== EXERCISE AIM ==
In the entries below, the lines from the one with "Drum & Tacos" through the one with "Practical Religion: Being" are to be copied exactly; both ends count.

== DATA FOR THIS TASK ==
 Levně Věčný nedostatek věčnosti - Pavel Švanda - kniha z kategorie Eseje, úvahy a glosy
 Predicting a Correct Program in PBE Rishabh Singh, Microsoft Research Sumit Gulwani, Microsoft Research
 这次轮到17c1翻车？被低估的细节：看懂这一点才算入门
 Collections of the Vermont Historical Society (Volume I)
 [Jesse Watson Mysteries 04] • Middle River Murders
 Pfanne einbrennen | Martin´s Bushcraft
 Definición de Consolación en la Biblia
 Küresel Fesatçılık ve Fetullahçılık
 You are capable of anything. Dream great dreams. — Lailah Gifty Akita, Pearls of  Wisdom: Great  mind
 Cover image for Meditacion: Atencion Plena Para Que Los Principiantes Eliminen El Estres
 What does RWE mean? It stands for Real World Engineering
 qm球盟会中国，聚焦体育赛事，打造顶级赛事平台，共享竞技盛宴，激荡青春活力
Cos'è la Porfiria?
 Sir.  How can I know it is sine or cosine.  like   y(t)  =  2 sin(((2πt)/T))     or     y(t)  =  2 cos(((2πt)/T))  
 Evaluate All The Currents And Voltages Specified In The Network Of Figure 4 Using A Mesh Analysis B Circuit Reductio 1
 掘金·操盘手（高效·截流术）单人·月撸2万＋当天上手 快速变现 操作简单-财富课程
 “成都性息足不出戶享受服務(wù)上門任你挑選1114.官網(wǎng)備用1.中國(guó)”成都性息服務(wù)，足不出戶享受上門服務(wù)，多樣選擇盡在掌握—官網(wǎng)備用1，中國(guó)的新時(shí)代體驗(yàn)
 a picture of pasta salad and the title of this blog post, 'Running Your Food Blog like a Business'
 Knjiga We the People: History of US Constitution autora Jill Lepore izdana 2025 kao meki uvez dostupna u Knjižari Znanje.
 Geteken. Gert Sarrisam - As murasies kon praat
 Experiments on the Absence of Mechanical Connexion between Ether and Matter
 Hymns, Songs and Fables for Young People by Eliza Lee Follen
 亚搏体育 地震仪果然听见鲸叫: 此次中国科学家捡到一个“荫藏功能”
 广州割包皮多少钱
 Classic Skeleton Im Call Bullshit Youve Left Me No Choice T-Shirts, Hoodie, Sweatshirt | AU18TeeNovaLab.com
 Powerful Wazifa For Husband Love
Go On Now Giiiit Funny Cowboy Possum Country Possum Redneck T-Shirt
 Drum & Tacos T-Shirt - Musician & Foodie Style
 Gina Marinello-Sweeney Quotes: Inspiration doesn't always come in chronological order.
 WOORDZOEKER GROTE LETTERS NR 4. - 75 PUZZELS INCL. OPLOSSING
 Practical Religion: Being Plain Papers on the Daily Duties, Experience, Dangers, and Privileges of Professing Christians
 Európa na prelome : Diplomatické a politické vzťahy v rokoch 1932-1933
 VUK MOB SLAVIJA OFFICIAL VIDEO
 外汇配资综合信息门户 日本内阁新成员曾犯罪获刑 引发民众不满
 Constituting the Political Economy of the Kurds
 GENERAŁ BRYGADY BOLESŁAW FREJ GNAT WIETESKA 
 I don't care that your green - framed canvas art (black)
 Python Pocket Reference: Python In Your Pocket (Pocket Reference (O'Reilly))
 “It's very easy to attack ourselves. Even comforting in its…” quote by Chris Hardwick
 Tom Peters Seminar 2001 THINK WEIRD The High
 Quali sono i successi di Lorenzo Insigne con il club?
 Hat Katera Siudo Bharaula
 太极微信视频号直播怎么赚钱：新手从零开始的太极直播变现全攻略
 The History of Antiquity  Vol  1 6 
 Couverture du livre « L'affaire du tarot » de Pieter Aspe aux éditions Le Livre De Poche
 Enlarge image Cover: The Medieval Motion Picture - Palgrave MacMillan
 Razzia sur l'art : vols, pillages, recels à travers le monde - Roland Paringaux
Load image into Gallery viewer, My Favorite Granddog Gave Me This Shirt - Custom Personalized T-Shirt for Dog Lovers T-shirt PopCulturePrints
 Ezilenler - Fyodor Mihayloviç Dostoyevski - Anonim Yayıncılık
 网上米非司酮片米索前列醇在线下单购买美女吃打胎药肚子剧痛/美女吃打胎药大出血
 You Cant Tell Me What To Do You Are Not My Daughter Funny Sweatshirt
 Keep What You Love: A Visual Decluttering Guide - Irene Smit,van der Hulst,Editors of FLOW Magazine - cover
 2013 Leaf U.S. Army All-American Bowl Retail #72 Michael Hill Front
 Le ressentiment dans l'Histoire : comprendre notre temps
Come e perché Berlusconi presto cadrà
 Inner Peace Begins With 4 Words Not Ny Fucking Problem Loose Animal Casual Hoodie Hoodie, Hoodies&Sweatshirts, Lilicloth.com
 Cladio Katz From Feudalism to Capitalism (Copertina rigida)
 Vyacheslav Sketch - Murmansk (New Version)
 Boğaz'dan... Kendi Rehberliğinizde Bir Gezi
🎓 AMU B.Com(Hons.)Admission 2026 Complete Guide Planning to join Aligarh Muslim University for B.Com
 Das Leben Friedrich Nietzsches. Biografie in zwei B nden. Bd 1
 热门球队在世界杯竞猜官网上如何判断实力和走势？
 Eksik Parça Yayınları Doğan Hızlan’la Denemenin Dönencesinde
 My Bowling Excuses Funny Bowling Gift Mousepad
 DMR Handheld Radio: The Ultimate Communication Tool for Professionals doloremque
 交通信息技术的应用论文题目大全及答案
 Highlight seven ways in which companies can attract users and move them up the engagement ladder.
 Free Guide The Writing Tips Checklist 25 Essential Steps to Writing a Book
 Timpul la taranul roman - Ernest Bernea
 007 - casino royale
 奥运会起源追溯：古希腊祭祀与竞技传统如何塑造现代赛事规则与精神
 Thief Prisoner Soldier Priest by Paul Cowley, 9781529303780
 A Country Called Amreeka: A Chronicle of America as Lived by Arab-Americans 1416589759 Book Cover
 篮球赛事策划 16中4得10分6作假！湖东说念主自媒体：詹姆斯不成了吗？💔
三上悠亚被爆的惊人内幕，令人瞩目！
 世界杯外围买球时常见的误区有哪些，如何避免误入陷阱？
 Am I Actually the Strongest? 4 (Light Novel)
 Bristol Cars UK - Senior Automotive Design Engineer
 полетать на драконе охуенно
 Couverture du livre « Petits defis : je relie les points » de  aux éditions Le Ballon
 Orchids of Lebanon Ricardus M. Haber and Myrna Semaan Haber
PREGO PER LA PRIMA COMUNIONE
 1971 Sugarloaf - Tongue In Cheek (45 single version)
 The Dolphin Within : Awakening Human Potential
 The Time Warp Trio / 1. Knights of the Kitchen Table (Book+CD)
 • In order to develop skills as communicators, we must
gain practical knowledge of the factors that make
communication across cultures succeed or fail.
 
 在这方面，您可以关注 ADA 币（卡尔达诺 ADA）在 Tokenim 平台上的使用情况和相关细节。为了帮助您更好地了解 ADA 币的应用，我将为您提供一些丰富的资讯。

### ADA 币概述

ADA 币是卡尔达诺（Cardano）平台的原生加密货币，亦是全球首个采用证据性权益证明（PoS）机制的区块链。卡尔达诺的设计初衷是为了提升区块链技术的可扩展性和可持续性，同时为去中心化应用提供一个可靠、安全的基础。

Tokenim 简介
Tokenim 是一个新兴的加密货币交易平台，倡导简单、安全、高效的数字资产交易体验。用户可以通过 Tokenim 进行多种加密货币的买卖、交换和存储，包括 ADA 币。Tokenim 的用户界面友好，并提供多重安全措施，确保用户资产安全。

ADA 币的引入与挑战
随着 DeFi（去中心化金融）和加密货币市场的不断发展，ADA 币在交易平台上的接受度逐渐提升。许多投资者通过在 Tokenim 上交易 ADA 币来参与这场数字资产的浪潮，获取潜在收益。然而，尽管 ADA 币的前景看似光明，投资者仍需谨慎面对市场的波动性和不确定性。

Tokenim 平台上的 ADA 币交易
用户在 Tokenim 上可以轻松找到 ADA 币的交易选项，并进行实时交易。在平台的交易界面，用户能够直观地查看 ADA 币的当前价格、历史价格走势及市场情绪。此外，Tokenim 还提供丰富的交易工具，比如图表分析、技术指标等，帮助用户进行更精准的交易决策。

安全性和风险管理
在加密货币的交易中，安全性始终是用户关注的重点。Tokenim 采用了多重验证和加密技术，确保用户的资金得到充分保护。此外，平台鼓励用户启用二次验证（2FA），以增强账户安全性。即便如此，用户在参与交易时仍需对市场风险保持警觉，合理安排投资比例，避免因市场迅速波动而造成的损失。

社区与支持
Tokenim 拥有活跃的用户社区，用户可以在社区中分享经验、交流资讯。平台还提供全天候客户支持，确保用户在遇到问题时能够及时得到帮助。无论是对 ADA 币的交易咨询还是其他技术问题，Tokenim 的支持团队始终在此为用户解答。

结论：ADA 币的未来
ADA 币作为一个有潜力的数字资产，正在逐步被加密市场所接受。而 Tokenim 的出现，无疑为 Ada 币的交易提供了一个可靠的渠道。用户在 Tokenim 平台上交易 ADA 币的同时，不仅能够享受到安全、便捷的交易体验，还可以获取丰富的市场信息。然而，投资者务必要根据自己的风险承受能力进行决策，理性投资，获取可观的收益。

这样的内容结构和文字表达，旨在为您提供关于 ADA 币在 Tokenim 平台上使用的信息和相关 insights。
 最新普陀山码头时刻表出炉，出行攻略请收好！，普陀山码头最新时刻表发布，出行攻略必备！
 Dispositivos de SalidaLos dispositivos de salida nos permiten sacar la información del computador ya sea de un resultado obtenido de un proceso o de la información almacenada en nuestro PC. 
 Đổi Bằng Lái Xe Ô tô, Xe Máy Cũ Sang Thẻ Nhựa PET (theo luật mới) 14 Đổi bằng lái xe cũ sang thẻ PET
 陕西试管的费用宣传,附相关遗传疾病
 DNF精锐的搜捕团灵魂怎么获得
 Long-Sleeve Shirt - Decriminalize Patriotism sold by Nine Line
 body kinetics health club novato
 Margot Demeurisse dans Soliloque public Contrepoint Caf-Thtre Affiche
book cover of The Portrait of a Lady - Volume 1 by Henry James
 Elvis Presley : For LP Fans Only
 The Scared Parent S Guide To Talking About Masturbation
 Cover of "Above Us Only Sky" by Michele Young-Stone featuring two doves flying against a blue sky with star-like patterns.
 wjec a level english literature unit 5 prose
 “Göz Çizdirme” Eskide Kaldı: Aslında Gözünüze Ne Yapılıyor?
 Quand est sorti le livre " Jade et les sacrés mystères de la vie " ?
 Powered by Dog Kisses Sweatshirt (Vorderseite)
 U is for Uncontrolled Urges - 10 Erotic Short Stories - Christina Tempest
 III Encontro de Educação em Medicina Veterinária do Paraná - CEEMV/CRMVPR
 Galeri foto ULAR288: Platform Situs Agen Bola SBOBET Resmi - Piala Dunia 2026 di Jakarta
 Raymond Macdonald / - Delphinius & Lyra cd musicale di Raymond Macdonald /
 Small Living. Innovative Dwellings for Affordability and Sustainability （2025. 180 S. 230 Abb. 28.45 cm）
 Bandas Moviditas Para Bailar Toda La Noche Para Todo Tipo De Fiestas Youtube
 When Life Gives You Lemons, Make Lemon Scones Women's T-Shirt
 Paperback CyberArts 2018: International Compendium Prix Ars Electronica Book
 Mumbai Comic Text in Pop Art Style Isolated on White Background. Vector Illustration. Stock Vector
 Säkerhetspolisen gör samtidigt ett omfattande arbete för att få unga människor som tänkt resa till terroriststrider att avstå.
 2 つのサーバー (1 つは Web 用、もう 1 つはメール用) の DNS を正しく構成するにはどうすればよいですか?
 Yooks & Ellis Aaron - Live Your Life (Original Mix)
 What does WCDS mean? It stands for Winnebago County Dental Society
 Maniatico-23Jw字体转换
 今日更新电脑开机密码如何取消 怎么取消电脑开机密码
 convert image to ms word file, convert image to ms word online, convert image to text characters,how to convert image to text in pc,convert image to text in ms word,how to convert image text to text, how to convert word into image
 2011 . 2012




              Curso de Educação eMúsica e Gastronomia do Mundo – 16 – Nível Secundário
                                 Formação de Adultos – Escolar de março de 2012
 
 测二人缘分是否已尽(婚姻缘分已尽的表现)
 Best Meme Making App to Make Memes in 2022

== RESPONSE ==
 Drum & Tacos T-Shirt - Musician & Foodie Style
 Gina Marinello-Sweeney Quotes: Inspiration doesn't always come in chronological order.
 WOORDZOEKER GROTE LETTERS NR 4. - 75 PUZZELS INCL. OPLOSSING
 Practical Religion: Being Plain Papers on the Daily Duties, Experience, Dangers, and Privileges of Professing Christians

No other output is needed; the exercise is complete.